Chatham-Kent taxpayers will be paying more for their paramedics and ambulance services in the coming years if Council approves a new contract.
On Monday night at their meeting, councillors will be asked to approve a new five year $82.9 million contract with Medavie from January 1, 2025, through December 31, 2029. That's a 23.3 per cent increase from the previous deal with the Ministry of Health paying 50 per cent of the contract.
A report authored by CK Fire Chief Chris Case showed the annual land ambulance cost will jump from just over $14.2 million in 2024 to nearly $17.9 million in 2029.
Chief Case said all payroll, benefits, pensions, and Workplace Safety and Insurance Board (WSIB) costs are paid by Medavie and don't cost the municipality any additional money for these benefits or administration.
"From a service delivery perspective, to have paramedics within the Municipal structure provides opportunities for closer partnerships, deployments, and innovation. However, Chatham-Kent has the benefit of not directly employing paramedics with HR aspects such as WSIB, negotiations, etc., which we currently engage at a fixed contract price," Case noted. "We have previously gone through the Request for Proposal process and at that time Medavie was the only bidder. We have good connections within the industry, and as such were able to benchmark costs and confirm that no other providers are offering paramedic services in Ontario."

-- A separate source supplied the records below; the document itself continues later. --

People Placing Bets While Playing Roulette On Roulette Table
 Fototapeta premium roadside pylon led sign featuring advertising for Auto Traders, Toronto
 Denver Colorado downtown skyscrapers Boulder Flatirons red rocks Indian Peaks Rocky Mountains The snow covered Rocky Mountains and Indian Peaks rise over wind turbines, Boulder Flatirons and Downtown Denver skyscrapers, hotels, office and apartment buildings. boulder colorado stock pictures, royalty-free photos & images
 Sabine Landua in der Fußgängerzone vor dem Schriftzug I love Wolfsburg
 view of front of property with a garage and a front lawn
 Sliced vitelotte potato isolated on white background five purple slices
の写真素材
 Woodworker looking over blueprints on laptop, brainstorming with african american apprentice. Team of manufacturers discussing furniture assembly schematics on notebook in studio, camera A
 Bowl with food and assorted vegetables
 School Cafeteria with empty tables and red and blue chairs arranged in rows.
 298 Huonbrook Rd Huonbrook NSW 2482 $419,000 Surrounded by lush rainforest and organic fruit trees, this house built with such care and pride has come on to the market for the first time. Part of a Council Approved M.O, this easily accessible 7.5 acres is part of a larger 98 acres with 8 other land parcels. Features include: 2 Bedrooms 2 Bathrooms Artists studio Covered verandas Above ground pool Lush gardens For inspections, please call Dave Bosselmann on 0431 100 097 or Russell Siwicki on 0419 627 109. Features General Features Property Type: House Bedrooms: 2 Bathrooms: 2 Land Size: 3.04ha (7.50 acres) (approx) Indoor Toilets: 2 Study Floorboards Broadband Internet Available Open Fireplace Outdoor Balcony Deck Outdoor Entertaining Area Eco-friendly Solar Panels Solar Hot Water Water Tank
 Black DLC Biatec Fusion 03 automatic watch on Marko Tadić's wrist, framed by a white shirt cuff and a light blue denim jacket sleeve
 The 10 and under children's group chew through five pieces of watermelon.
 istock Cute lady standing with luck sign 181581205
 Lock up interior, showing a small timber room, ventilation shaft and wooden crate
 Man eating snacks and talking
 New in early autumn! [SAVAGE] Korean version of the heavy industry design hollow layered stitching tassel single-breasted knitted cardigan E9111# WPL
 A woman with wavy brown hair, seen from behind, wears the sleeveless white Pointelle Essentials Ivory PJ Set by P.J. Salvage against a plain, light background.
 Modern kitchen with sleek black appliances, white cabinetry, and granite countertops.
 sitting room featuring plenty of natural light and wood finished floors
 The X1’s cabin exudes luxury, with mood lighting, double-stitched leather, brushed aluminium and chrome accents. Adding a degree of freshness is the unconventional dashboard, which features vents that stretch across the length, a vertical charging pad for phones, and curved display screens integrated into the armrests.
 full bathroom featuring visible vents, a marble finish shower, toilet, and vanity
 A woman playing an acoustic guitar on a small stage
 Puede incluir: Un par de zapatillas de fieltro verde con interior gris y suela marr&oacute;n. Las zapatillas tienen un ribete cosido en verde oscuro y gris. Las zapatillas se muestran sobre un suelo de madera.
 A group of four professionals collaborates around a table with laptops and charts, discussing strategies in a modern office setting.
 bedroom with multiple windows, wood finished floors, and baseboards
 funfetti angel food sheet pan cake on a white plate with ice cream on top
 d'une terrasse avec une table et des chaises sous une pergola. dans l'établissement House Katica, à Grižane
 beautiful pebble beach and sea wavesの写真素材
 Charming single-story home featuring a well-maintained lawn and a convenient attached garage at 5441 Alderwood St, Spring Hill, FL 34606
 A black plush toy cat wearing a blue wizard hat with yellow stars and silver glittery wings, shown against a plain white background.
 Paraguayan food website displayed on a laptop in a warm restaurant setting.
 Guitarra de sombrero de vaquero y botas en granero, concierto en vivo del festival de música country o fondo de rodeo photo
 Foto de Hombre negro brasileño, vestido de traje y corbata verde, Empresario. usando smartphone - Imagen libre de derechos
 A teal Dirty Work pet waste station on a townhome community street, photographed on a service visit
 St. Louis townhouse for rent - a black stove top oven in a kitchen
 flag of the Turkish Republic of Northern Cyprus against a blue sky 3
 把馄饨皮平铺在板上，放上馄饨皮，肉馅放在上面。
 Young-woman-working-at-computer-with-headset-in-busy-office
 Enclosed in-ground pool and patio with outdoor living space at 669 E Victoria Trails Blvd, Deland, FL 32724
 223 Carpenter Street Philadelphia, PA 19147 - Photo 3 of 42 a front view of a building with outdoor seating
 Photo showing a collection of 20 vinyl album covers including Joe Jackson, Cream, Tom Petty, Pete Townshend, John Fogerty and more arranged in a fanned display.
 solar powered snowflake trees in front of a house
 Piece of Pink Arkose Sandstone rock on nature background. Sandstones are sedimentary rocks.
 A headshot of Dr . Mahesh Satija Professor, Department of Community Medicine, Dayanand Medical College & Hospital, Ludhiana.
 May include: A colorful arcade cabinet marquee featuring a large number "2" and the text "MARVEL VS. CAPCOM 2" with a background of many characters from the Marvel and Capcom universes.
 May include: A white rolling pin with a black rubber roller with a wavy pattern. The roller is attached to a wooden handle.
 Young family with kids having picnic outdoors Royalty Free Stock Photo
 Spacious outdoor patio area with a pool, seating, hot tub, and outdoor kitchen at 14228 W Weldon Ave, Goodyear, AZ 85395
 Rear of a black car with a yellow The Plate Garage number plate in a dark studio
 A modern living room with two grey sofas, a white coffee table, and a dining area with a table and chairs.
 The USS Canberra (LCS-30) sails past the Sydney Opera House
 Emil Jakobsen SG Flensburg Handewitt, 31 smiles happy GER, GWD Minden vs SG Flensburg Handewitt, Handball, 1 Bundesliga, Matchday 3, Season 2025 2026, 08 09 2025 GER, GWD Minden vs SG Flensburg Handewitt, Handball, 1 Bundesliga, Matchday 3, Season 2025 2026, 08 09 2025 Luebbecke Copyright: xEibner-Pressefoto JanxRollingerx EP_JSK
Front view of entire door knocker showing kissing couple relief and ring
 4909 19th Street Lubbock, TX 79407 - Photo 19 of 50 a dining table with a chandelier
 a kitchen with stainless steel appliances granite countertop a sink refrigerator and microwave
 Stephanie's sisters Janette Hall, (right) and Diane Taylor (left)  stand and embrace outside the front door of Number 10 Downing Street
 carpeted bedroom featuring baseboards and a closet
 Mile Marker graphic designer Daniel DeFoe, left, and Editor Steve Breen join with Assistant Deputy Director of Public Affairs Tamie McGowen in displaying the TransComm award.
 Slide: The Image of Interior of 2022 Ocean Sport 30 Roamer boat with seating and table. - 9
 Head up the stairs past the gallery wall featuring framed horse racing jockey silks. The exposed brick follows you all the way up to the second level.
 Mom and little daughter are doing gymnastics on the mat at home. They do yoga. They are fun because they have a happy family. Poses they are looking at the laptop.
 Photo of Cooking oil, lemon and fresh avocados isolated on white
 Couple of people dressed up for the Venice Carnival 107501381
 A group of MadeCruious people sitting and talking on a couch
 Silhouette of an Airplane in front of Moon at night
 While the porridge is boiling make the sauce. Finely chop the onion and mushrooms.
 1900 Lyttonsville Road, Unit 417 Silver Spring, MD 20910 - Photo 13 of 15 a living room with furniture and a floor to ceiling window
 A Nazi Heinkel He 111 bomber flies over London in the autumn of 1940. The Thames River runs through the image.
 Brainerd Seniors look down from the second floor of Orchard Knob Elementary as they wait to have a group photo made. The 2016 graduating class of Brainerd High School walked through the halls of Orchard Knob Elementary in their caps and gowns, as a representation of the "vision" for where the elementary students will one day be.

Chief Case wrote that Chatham-Kent is one of a few municipalities that still contracts out land ambulance service since the province downloaded Emergency Medical Services (EMS) to upper-tier municipalities 24 years ago. The fire chief said the majority of municipalities provide a direct delivery model for EMS.
Medavie began providing land ambulance service to the municipality in 2012.
"All ambulances, equipment and EMS stations are owned by the Municipality of Chatham-Kent and Medavie provides staffing and oversight of the Land Ambulance Service contract," Chief Case wrote.
CK currently has 14 ambulances, three support vehicles for supervisors, three vehicles for the Community Paramedicine program, and a mobile support trailer, according to the chief.
The municipally also owns six EMS stations in Chatham, Wallaceburg, Tilbury, Thamesville, Ridgetown and Blenheim.
The chief's report stated Medavie Chatham-Kent employs one full-time general manager, four full-time managers, four full-time supervisors, five part-time supervisors, one administration staff out of the Chatham Headquarters, along with 123 unionized staff, comprised of 87 full-time paramedics and 36 part-time paramedics.